La Camioneta: The Journey of One American School Bus

Mark Kendall’s La Camioneta: The Journey of One American School Bus follows the trajectory of one of many decommissioned school buses that leave this country for Guatemala every year. It’s there that they’re refurbished, redecorated, and re-signified into public-transportation vehicles, becoming both the pillars that guarantee the survival of the everyday family man, and moving targets for gangs (institutionalized ones included) trying to extort them. The yellow school bus, that icon of American safety and properly contained childhood “innocence,” has to go through a lot of miles over lawless terrain to become the only cash cow in sight for Guatemalans, and a fetish object of sorts, a prosthetic muse for the drivers who seem to spend way less time with their wives than they do with their vehicle and the army of peers who keep it rolling.

The film opens with an auction in the U.S., in which migrants seem to be the only ones betting on the school buses. This moment recalls the quotidian scene of migrant workers in this country lining up in parking lots hoping to get work for the day.
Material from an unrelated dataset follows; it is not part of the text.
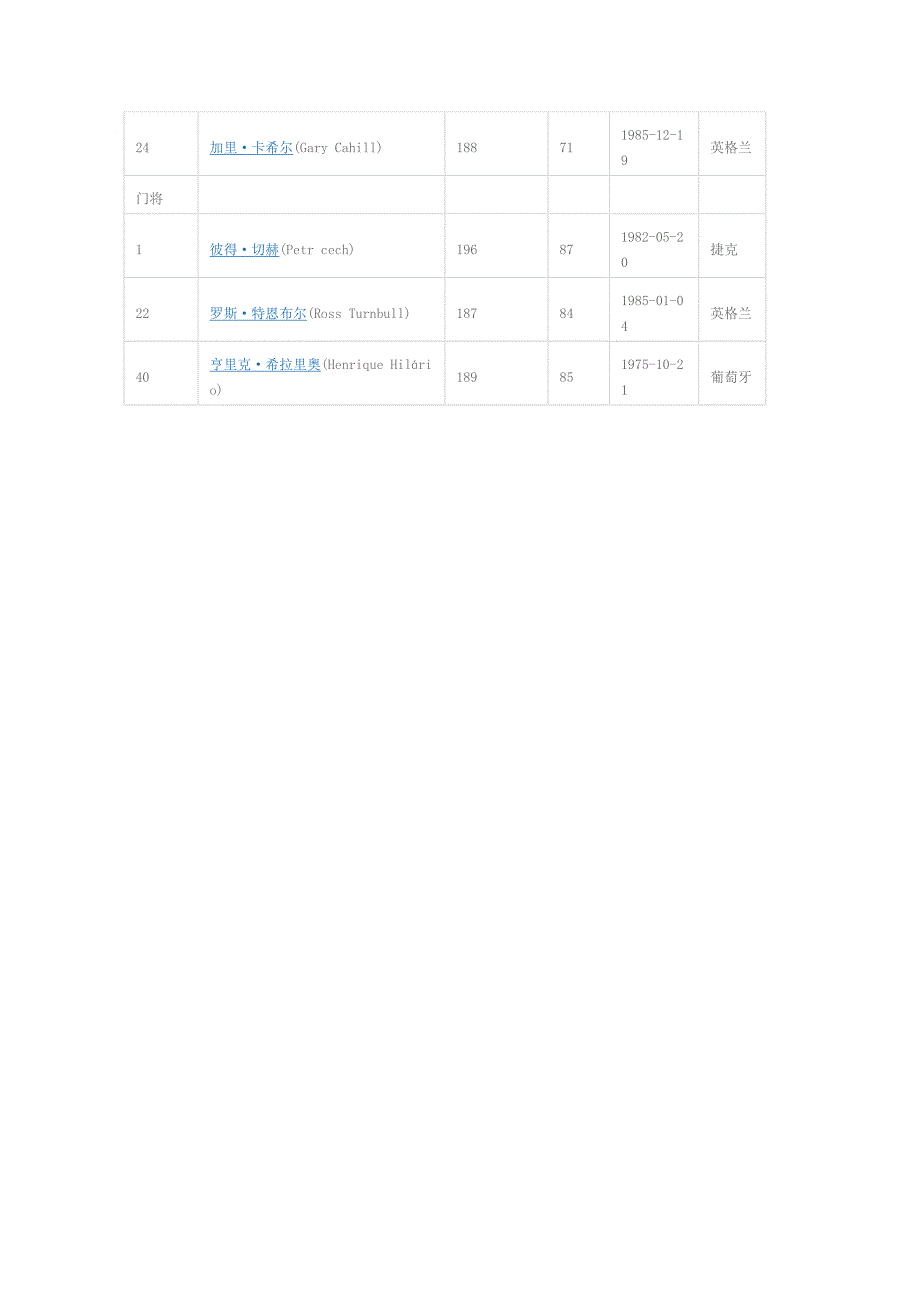 英格兰超级联赛之切尔西.doc_第3页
Except here the workers are entrepreneurs who risk their lives driving 16 hours a day from the U.S. down to Guatemala (“Once you cross the Mexico border everything changes,” one of them warns), where a sophisticated economy is solidly established around the yellow bus, that guarantor for economic survival and social bonding. The film’s refusal to explain the legalities and technicalities of the Guatemalans’ comings and goings across borders highlights its commitment not to some pseudo-factual documentary tradition, but to a more engaging realist poesis.

Kendall has come up with a very simple, delicate, and surprisingly gripping way of shedding light onto a very complex inter-connected economy by accepting the bus as star of the film itself, instead of worrying about the literality of hard facts, statistics, and the larger picture. We learn about the structures and the dynamics that support and drive the American school bus taken out of a solely American context as we ride along for its many road trips, where it can experience bribery requests, robberies, and explosions, but also become a temple for the drivers’ prayers, and even a float in a religious parade, filled with excited children and sporting carnival adornments. The film becomes less enthralling when the road trip ends and the bus settles into its new home in Guatemala, but it also evokes the pleasures of deceivingly simple form, like a Barthes Mythologies titled On the American School Bus.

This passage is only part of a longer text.